Brown, Labour prime minister between 2007 and 2010, has helped organise a virtual pledging conference next Monday and persuaded seven major funders – the UK, the EU, France, Germany, Japan, Norway and Saudi Arabia – to take part.
The summit was agreed following a recent letter – signed by 200 economists, health professionals, former presidents and prime ministers – urging far greater global cooperation.
Brown added that the world was on the cusp of a “life or death” moment and it was vital that the US and China supported the plan to pay for vaccines, test kits and treatments in developing countries.

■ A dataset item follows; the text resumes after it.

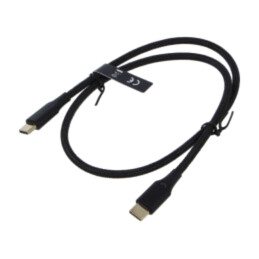 Cablu; USB 2.0; USB C mufă,din ambele părţi; nichelat; 0,5m; 60W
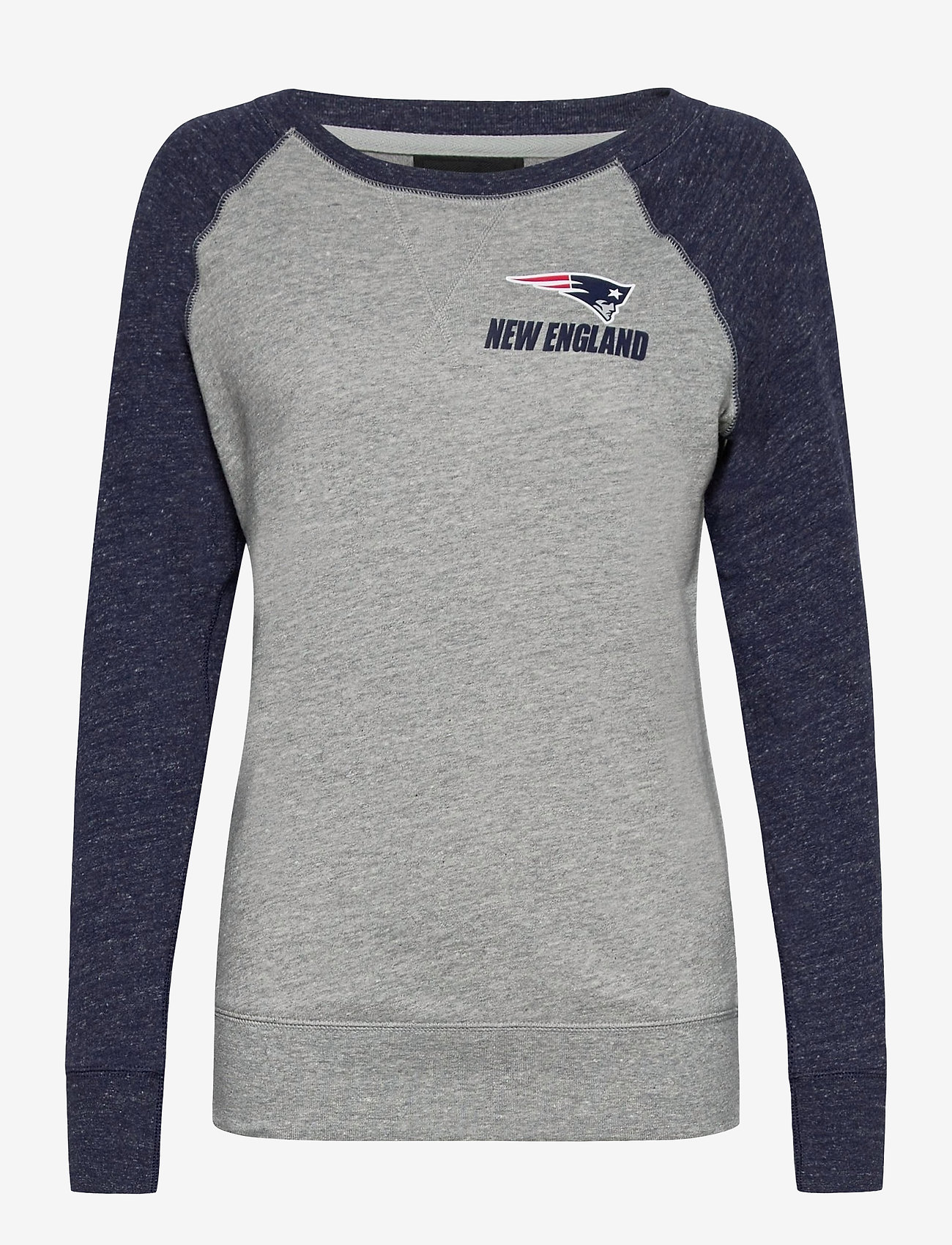 NIKE Fan Gear - New England Patriots Nike Left Chest Logo Gym Vintage - dark grey heather / college navy heather - 0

Thirty-four countries in Africa spend less than $200 a head per year on healthcare, and the former prime minister said they needed help to improve their health systems.
Failure to come up with a multilateral response would risk the pandemic taking hold in poorer parts of the world and subsequently being reimported into richer nations.
“The health of each depends on the health of all. Local solutions everywhere are only as good as the global response,” Brown said.
“To that end, we must outlaw the ugly ‘vaccine nationalism’ that seems to be setting in. Restricting new vaccines to those who can afford them will condemn millions to enduring multiple waves of the illness. We must also crack down on medical piracy, whereby, instead of joining a coordinated international effort to increase their global supply, a few countries seek, by whatever means, to monopolise testing kits, ventilators and personal protective equipment.”
So far, poor countries have not been as badly hit by the pandemic as advanced countries, but the United Nations has estimated that Covid-19 could cost between 300,000 and 3 million lives in Africa.
Brown said: “While America and China are offering bilateral aid, they are sitting out the main push for global health coordination.
“Global interventions may feel far removed from the tasks we all face as individuals, families and local communities in getting through this crisis. But if governments do not see beyond their borders and do more to coordinate an international response, we will all suffer.”